About this exercise | Find the line below with "GUMKA SATYNA RÓŻ Z CYRKONIAMI" and the line with "Vigne in Piemonte". Output them and the lines between, exactly, but not the pictures.

Records for this task |

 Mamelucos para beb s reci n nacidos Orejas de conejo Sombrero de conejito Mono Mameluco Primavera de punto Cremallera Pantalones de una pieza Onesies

---

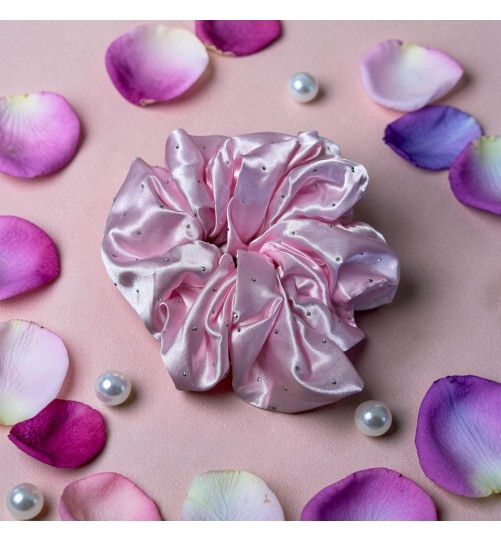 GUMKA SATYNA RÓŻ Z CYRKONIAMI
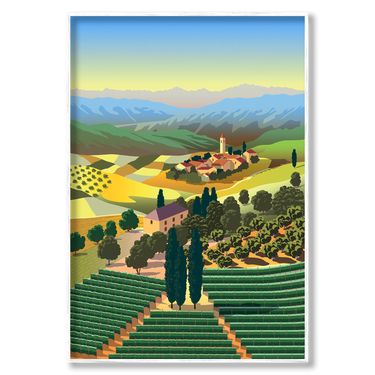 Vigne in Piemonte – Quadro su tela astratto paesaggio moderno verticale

Response box |
 GUMKA SATYNA RÓŻ Z CYRKONIAMI
 Vigne in Piemonte – Quadro su tela astratto paesaggio moderno verticale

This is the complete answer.